Abstract
Towards the end of his fine introduction, Sabayasachi Bhattacharya, one of the editors of this book, points out that it is essential for historians to account for the interests of those students of labour matters whose interest is more than academic. The editors of this volume obviously address this concern to historians who are urged to understand and address the concerns of people associated with working class movements. If read from this perspective, this collection of articles resonates with some of the challenges that labour organizers continue to face and have persistently faced in their day-to-day work. In the world of such organizing today, when the struggle for unionizing itself is fundamentally challenging, can the organizer afford to merely confine herself to the workplace and ignore the challenges involved in changing the political consciousness of the workers in their places of living, in their domestic spheres of family and kinship? Is it merely a question of priority of one over the other, or how does one integrate these two apparently different tasks into the core of organizing itself; or to put it differently, how does one alter the ‘economism’ of the trade union movements and yet address the tasks of democratizing the varied spaces occupied by the workers? The official printed documents and resolutions may not testify to the practices that these challenges entail in day-to-day political work of the organizer, yet a simple sympathetic conversation would reveal that their work is preoccupied with the issues of fighting the hegemonic factors stemming from their belonging to communities, castes, regions and neighbourhoods. Especially now, the necessity to speak and practice the language of class consciousness remains central to the organizer of the working class movement, especially when factors like credit supply and bondages of various kinds both at the work place and otherwise have become the dominant methods of recruitment in a neoliberal era.
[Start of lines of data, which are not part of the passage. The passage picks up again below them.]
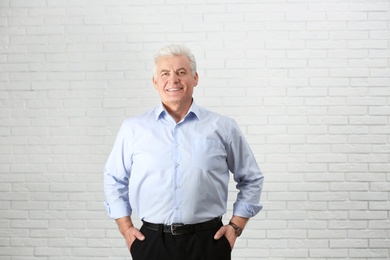 Portrait of handsome mature man near brick wall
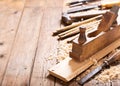 Old tools: wooden planer, hammer, chisel in a carpentry worksho
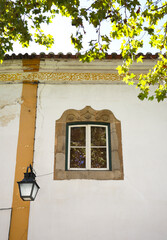 Portuguese facade with beautiful window in Evora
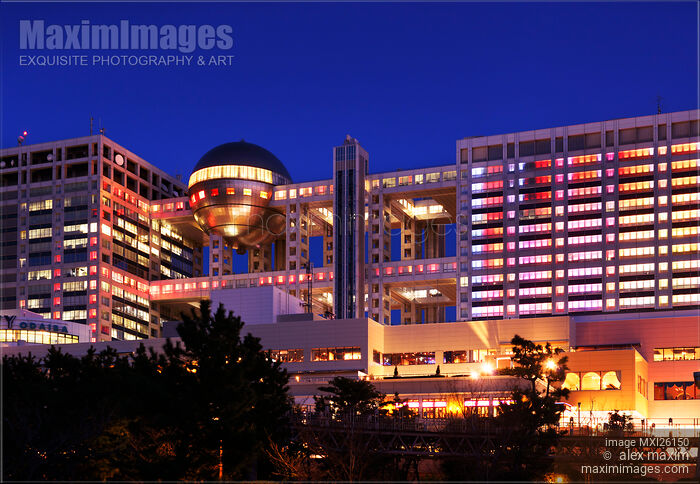 Stock photo of Fuji TV building with colotrful lights at night in Odaiba Tokyo Buy commercial use license at MaximImages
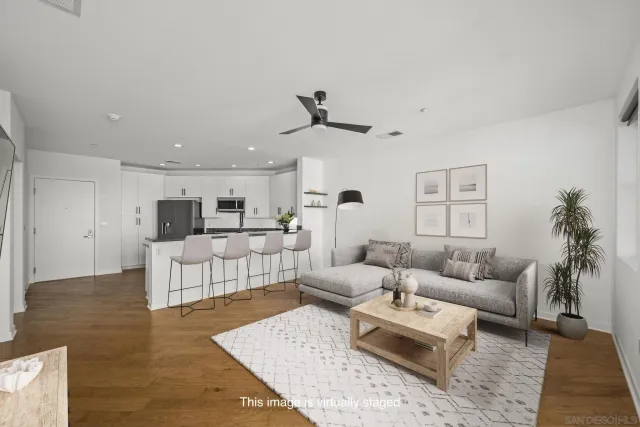 a living room with furniture and view of kitchen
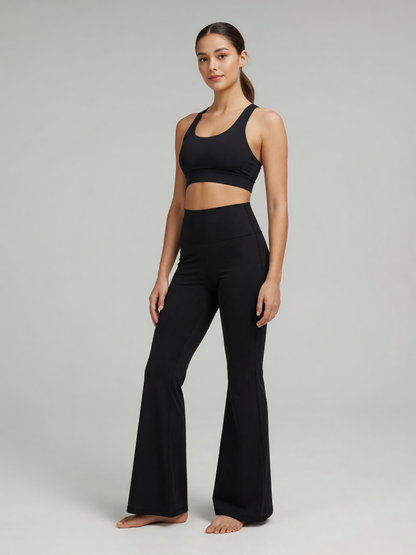 High-Rise Flare Legging in Black, worn, three-quarter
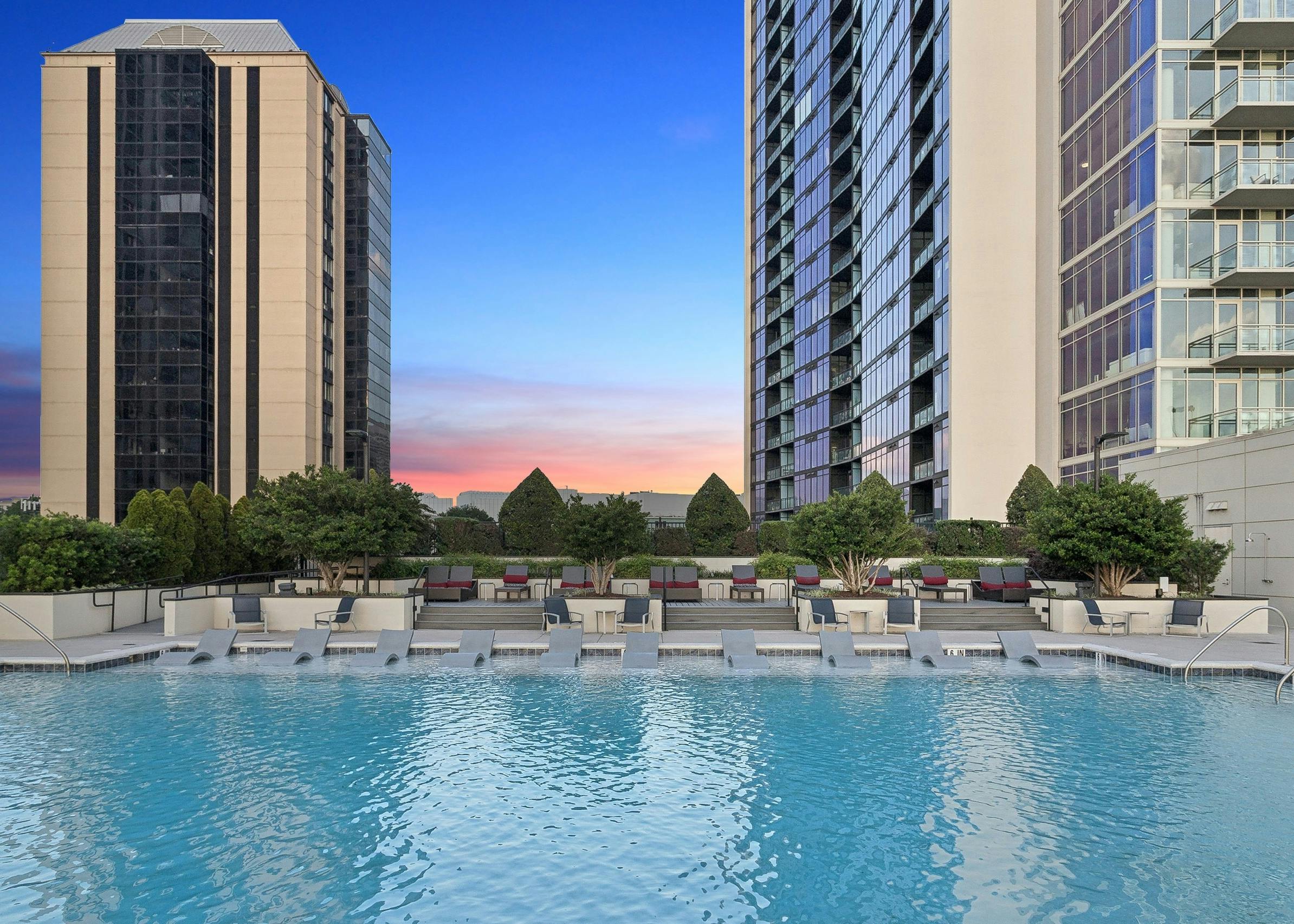 AMLI Arts Center rooftop pool surrounded by high-rise buildings and featuring several lounge chairs under a sunset sky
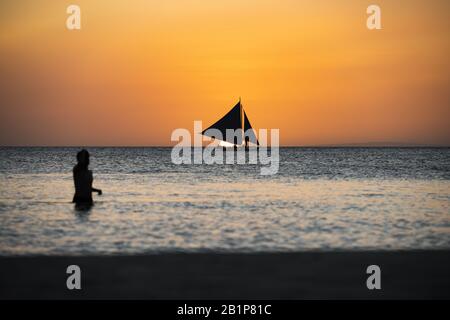 (Mise au point sélective) vue Imprenable sur un bateau naviguant pendant un beau coucher de soleil en arrière-plan et la silhouette d'une personne floue au premier plan. Banque D'Images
Having said that, as the articles in the book repeatedly emphasize the diverse ways in which community, caste and religious ties play a vital role in the ways in which workers come together. The historical and contemporary case studies in the volume highlight that this theme needs to be recognized and acknowledged as integral to the histories of labouring lives. It is such factors that constitute ‘vernacularization of labour politics’. In this book, ‘vernacularization’ is considered as a process which enables the organizers to embed their strategies in local networks and institutions in order to access unreachable workers. It is seen in contrast to conventional trade union modes of organizing that tend to confine themselves to the work place issues, a model that the editors argue is derived from the experience of class-based mobilizing of labour in nineteenth century Europe. The editors argue that advantage of this vernacular approach in the writing of labour history is that it offers more possibilities, it is more inclusive and better captures the processual nature of labour in its different spheres of life and work.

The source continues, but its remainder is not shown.